Data under study Start Marker

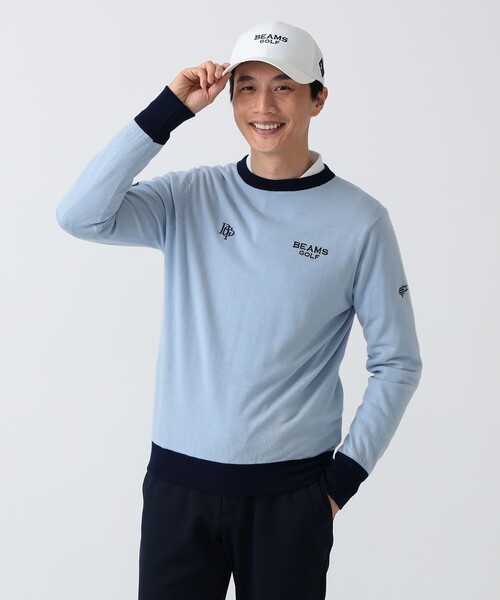 BEAMS GOLF（ビームスゴルフ）の「PL.SFDT_SC_KT.PO（ニット/セーター・メンズ・ホワイト系その他5/サックスブルー・XL/S/L）」の14枚目の写真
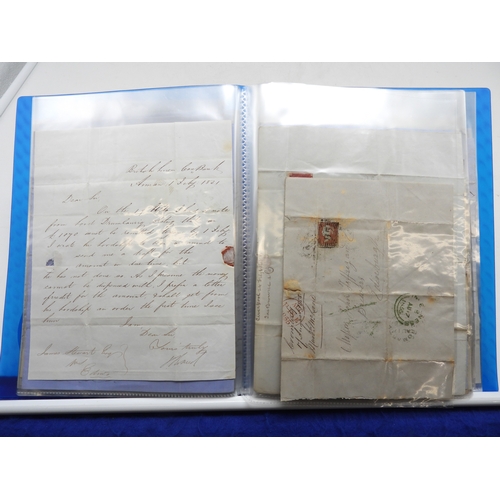 7121 - A collection of Victorian correspondence, housed in an album, including an example addressed to the ... 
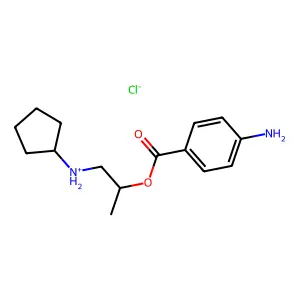 Benzoic acid, p-amino-, (2-(cyclopentylamino)-1-methyl)ethyl ester, hydrochloride structure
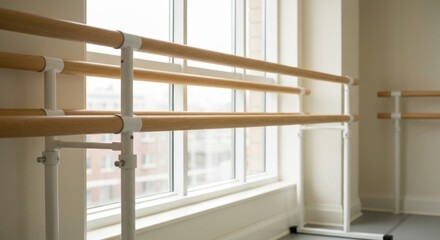 Ballet studio with wooden bars, a large window, and minimalist design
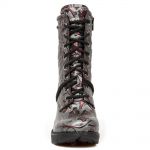 Wine and Gray Leather New Rock Trail Ankle Boots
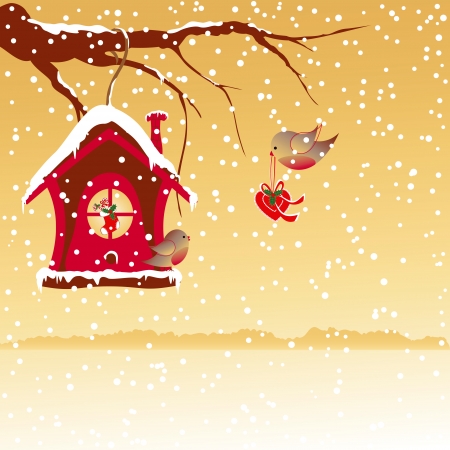 Christmas greeting robin bird wallpaperのイラスト素材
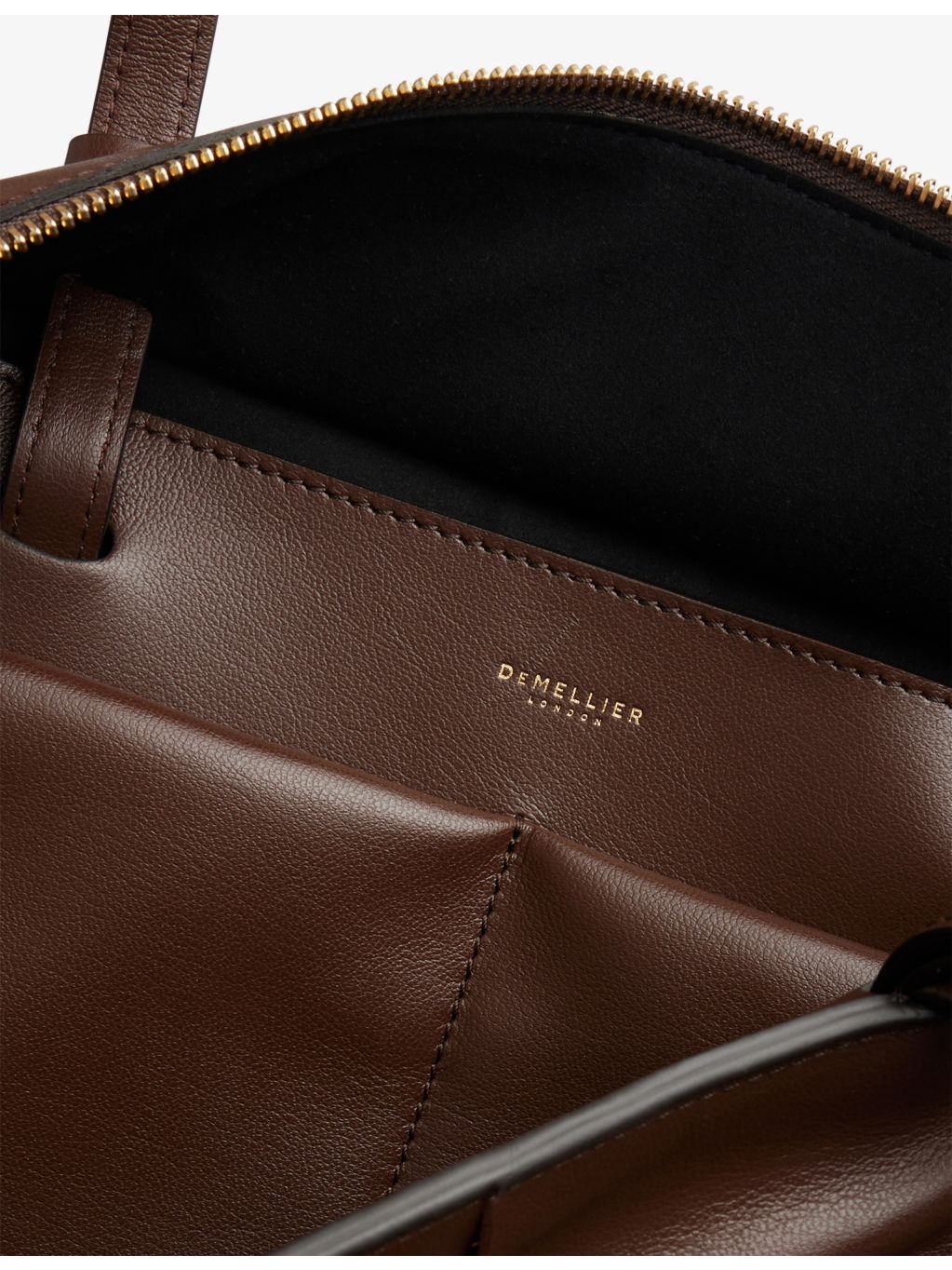 Demellier Florence leather tote bag with top handles, imported from the UK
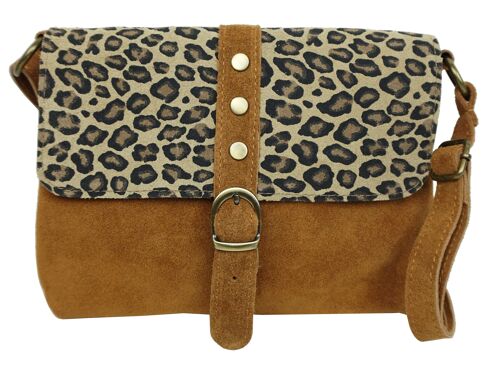 Sac bandoulière rabat léopard en cuir - Lola 81004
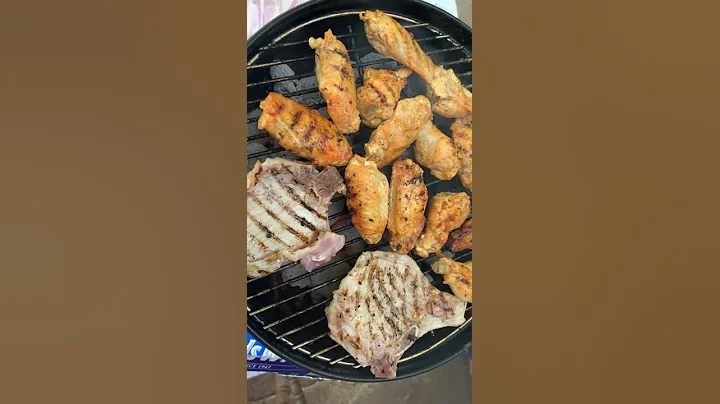 Grill chicken and pork chops ASMR video by Susana ...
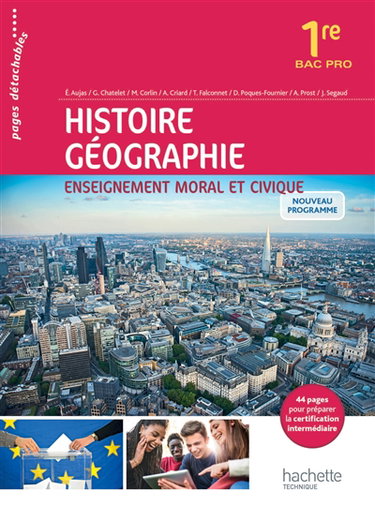 Couverture de Histoire géographie, enseignement moral et civique 1re bac pro : nouveau programme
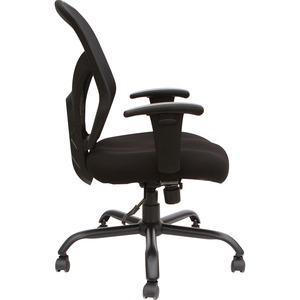 Lorell Soho Big & Tall Mesh Back Chair - Black Fabric Seat - Black Back - 5-star Base - 1 Each. Picture 2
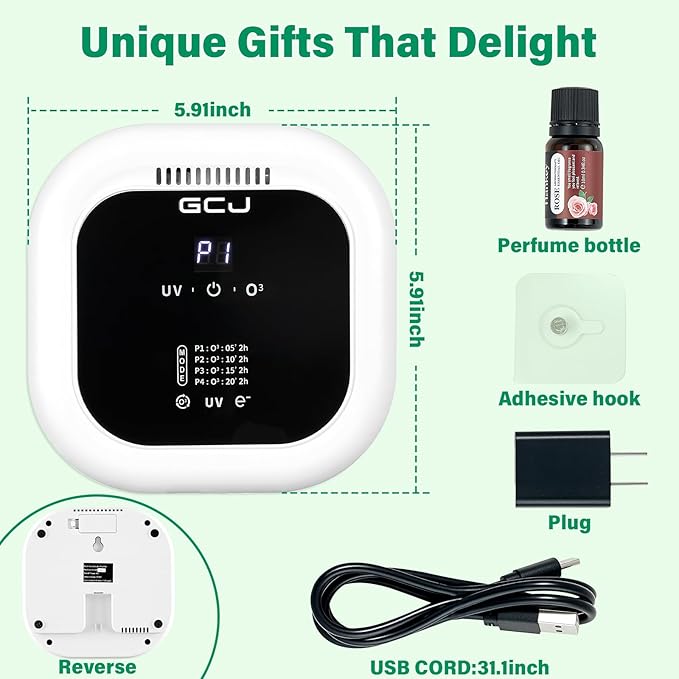 GCJ Air Purifier for Pets,Purify Odor with Negative Ions and Ozone Quiet,Cat Litter Box Exhaust Fan 323ft²,100mg/h,Compact Small Portable Ionizer for Classroom,Toilet, Closet, Room,Office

Data under study End Marker

Transcribe each line above verbatim, with the pictures left out.

## Solution to this exercise
 BEAMS GOLF（ビームスゴルフ）の「PL.SFDT_SC_KT.PO（ニット/セーター・メンズ・ホワイト系その他5/サックスブルー・XL/S/L）」の14枚目の写真
 7121 - A collection of Victorian correspondence, housed in an album, including an example addressed to the ... 
 Benzoic acid, p-amino-, (2-(cyclopentylamino)-1-methyl)ethyl ester, hydrochloride structure
 Ballet studio with wooden bars, a large window, and minimalist design
 Wine and Gray Leather New Rock Trail Ankle Boots
 Christmas greeting robin bird wallpaperのイラスト素材
 Demellier Florence leather tote bag with top handles, imported from the UK
 Sac bandoulière rabat léopard en cuir - Lola 81004
 Grill chicken and pork chops ASMR video by Susana ...
 Couverture de Histoire géographie, enseignement moral et civique 1re bac pro : nouveau programme
 Lorell Soho Big & Tall Mesh Back Chair - Black Fabric Seat - Black Back - 5-star Base - 1 Each. Picture 2
 GCJ Air Purifier for Pets,Purify Odor with Negative Ions and Ozone Quiet,Cat Litter Box Exhaust Fan 323ft²,100mg/h,Compact Small Portable Ionizer for Classroom,Toilet, Closet, Room,Office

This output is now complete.